Azure Databricks Jobs failed intermittently due to connection timeout (Read Failed) while executing a MS SQL stored procedure which is in Azure SQL database.
My requirement is to process delta records(Get delta records using last refresh date) from DataLake(We don not have access to DataLake. It is currently a black box for us. We have only granted to mount it and query PARQUET files) into a staging table in MS SQL database, then run SQL merge logic through stored procedure. Some millions of records will get updated through merge logic for every job run, so it will take around 10 mins to finish the SPROC execution. Sometimes it completes successfully, sometimes it get failed due to connection time out.
There are approximately 20 datasets processing from data lake to MS SQL, single notebook is dedicated to each dataset.
I am using below JDBC logic to execute the SPROC. Databricks Jobs are using high configured clusters of 144GB,72Core driver and 6 workers same as driver.

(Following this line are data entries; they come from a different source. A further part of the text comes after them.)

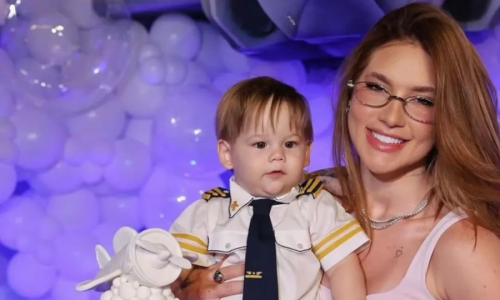 Zé Felipe e Virginia preparam festa luxuosa de 1 ano com shows exclusivos para José Leonardo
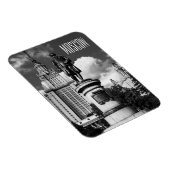 Magnet Flexible Université d'Etat Lomonosov de Moscou (Côté Droit)
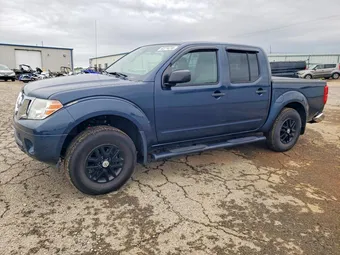 2019 Nissan Frontier 1N6AD0ER9KN713272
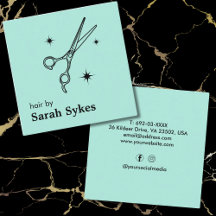 Professional Business Cards
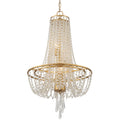CRYSTORAMA, ARCADIA CHANDELIER, CHANDELIER LIGHT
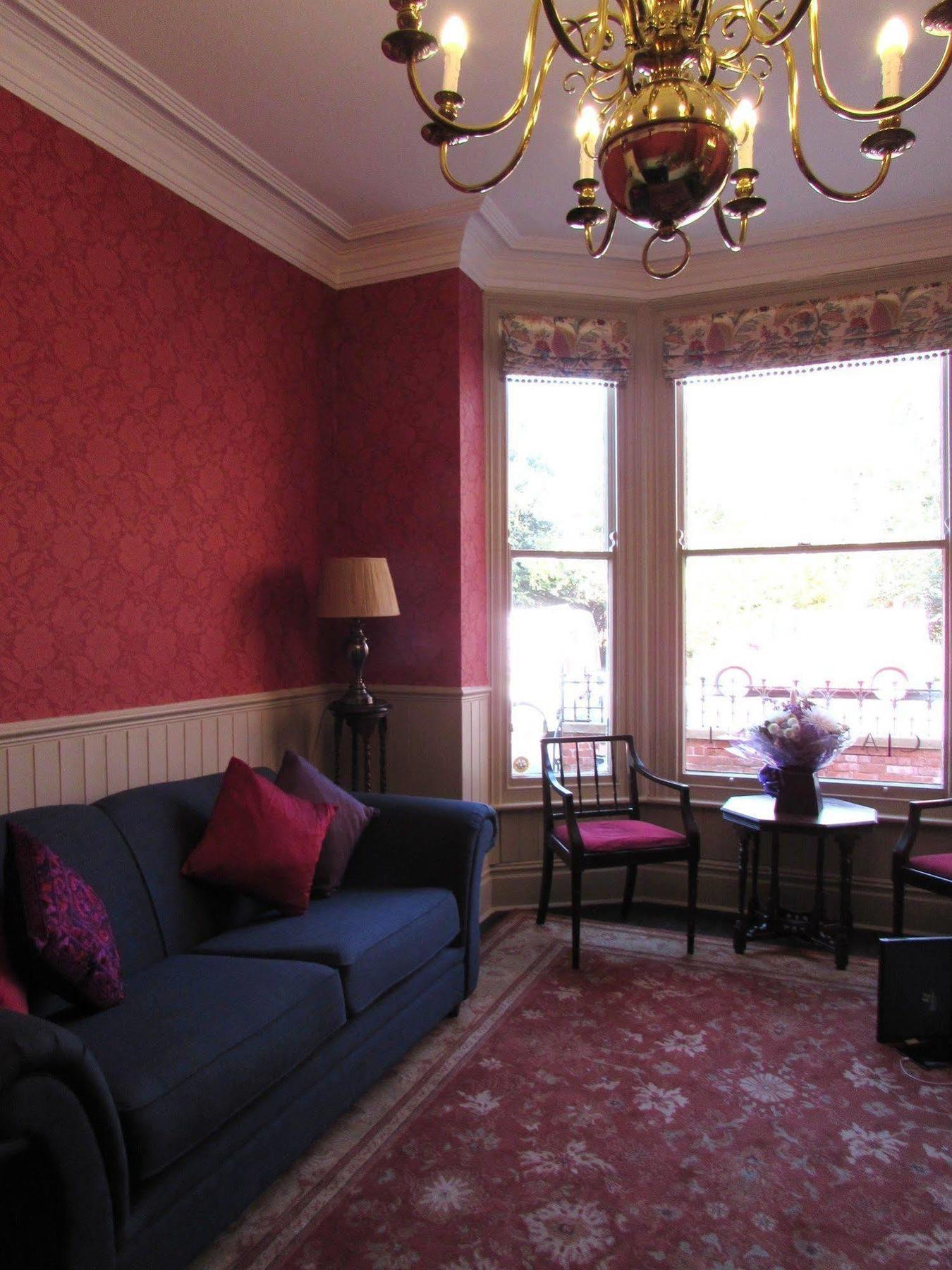 The Claremont Bed and Breakfast Woodhall Spa Εξωτερικό φωτογραφία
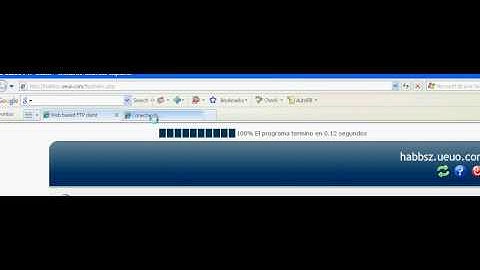 Crear un formulario en Php (4/4)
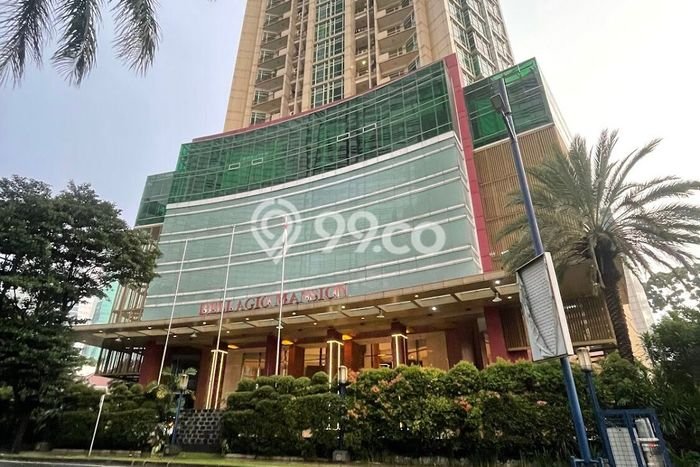 Hunian Apartemen Eksklusif untuk Dijual di Jakarta Selatan dengan 5 BR & 4 Kamar Mandi Hunian Apartemen Eksklusif untuk Dijual di Jakarta Selatan dengan 5 BR & 4 Kamar Mandi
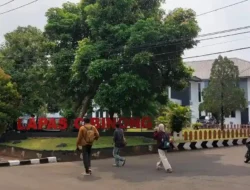 DPR Soroti Ketiadaan CCTV di Area Rumah Dinas Lapas Cibinong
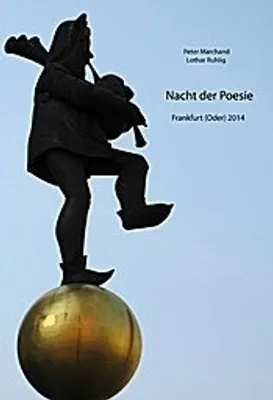 Produktbild von Nacht der Poesie 2014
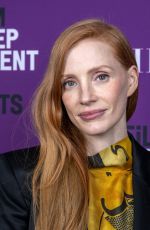 JESSICA CHASTAIN at Memory Independent Special Screening inLos Angeles 12/07/2023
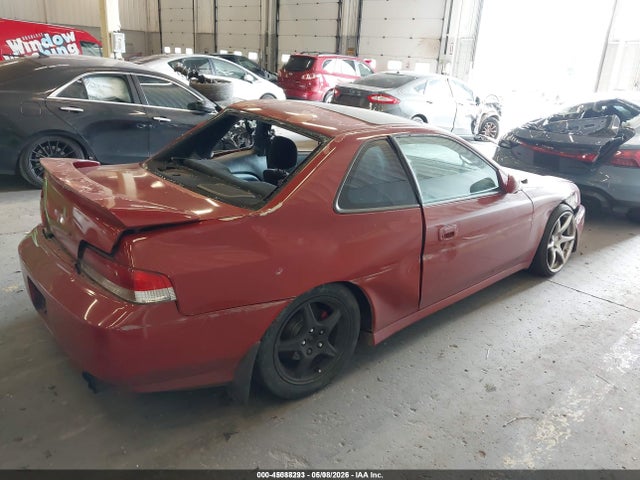 Honda Prelude Type Sh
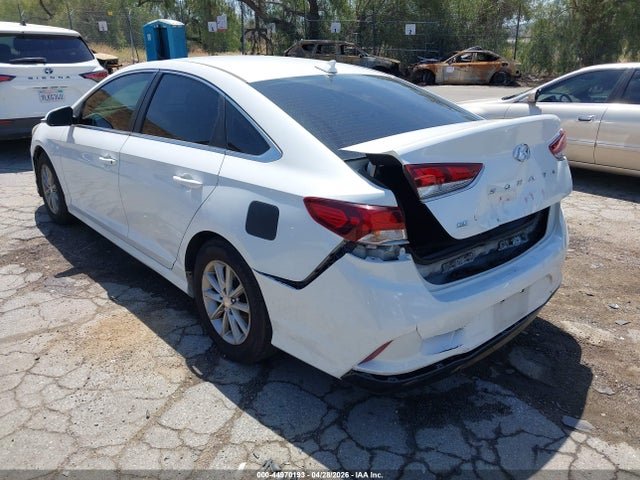 Продаж на аукціоні авто 2018 Hyundai Sonata Se, vin: 5NPE24AF3JH660872, номер лоту: 44970193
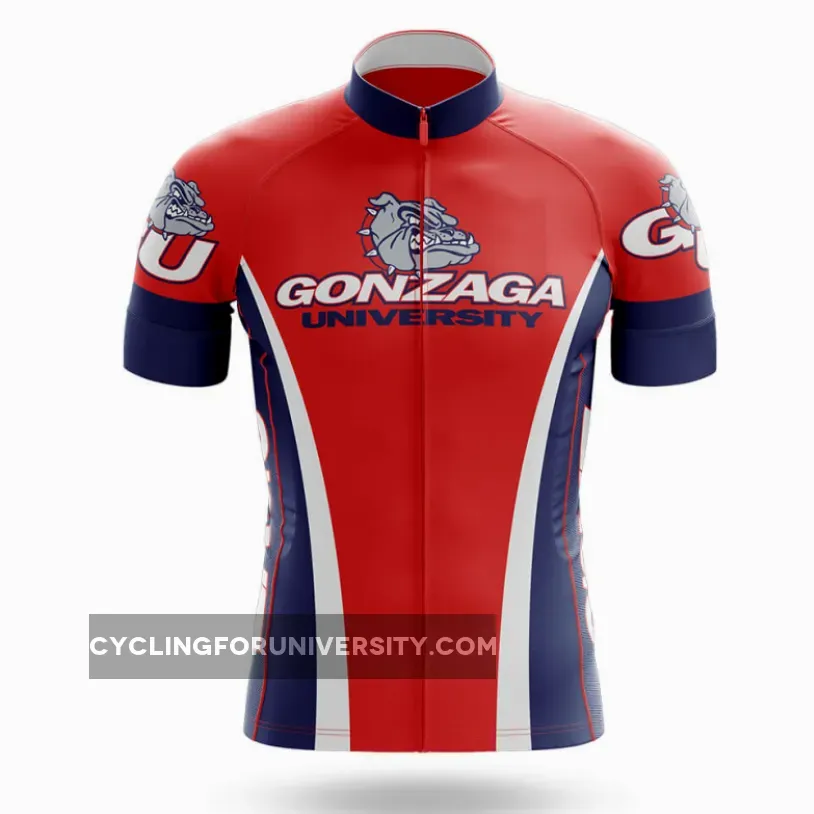 Gonzaga University - Men's Cycling / Jersey Only / Gonzaga Gear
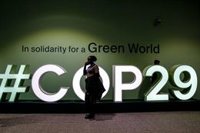 La Presidencia de la COP29 pide a los países "colaborar" para llegar a "propuestas intermedias"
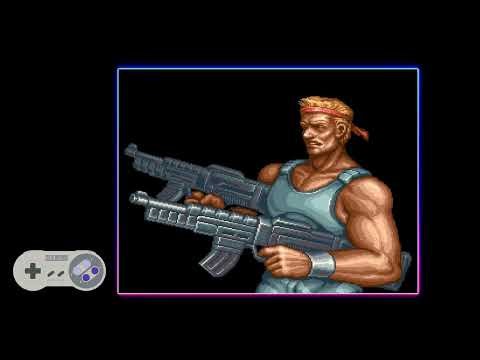 Contra III Full Playthrough No Powerups Hard Mode - RetroAchievements - Barebones Veteran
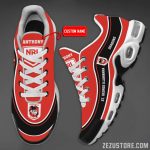 St George Illawarra Dragons Premium Air Max Plus Sport Sneakers For Fan Gifts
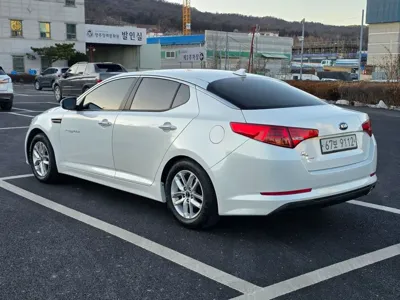 Kia K5 2013, 153829 км, за 3500000 KRW - фото 20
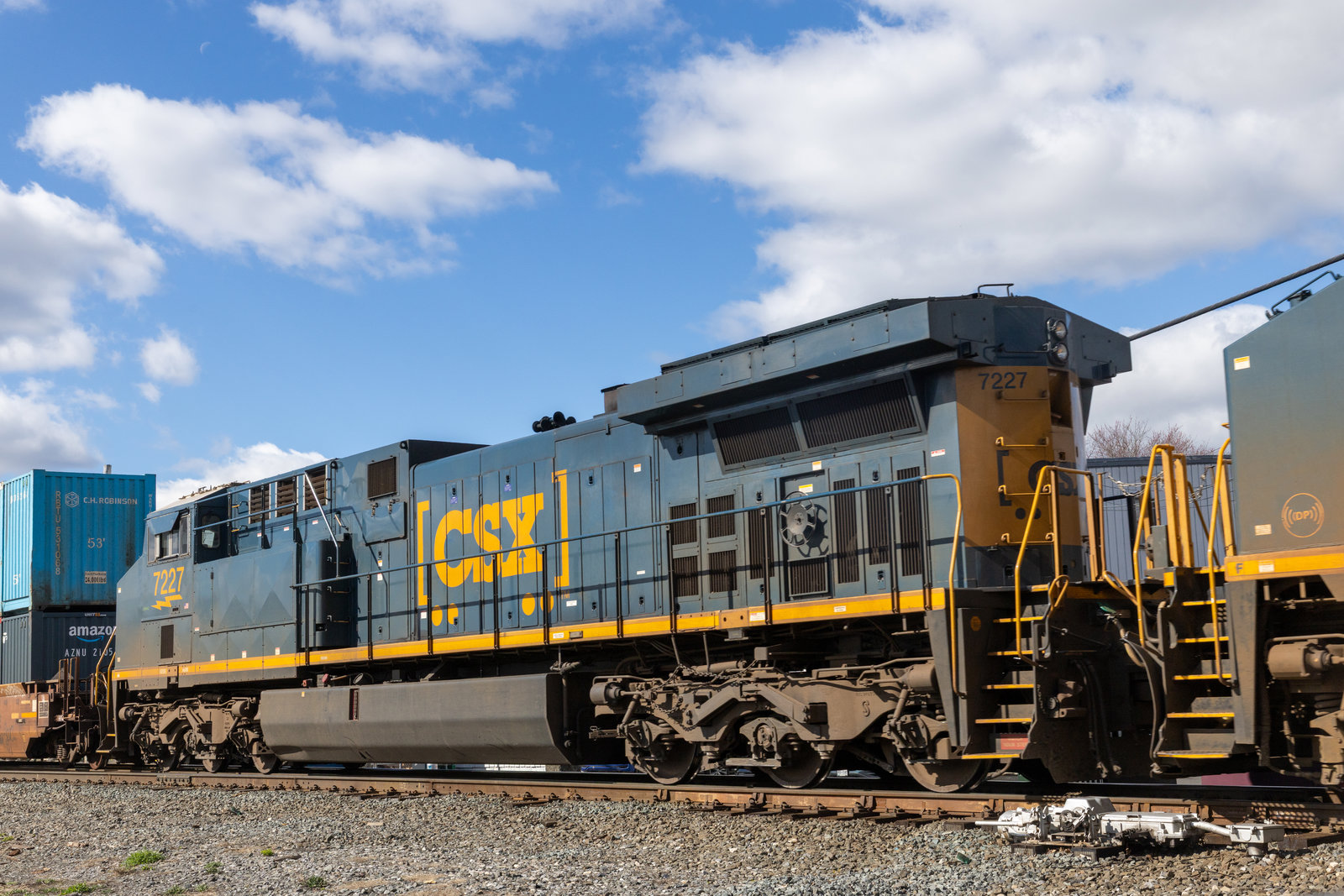 CSXT 7227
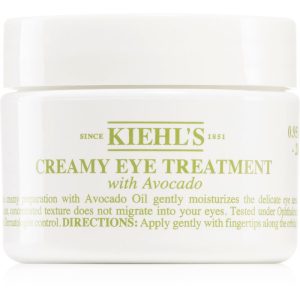 Kiehl's Avocado Creamy Eye Treatment crema intensiv hidratanta pentru zona ochilor cu avocado 28 ml-ro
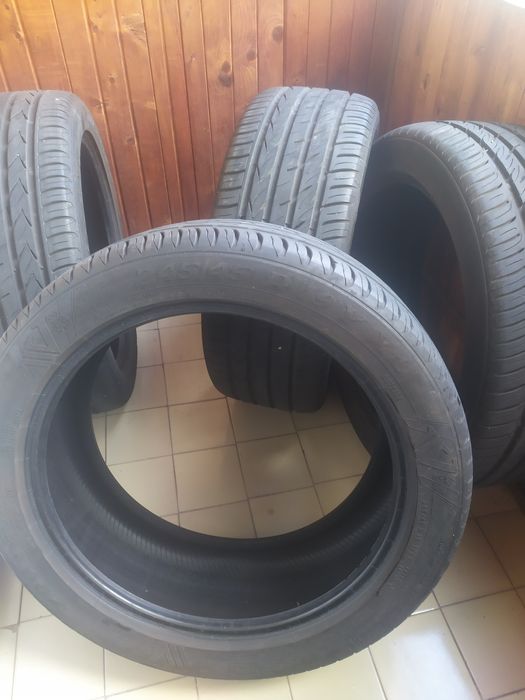 Літня резина комплект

val props = new Properties()
props.put("encryptionmethod","SSL")
props.put("accesstoken", accessToken)
val conn = DriverManager.getConnection(jdbcurl, props)
try{
conn.createStatement.execute("EXEC [stg].[usp_MergePurchaseOrder]")
}
catch{
case ex:Exception => throw ex
}
finally{
conn.close()
}
This is blocking us to move to production. Please help me. My whole team is new to Databricks concepts.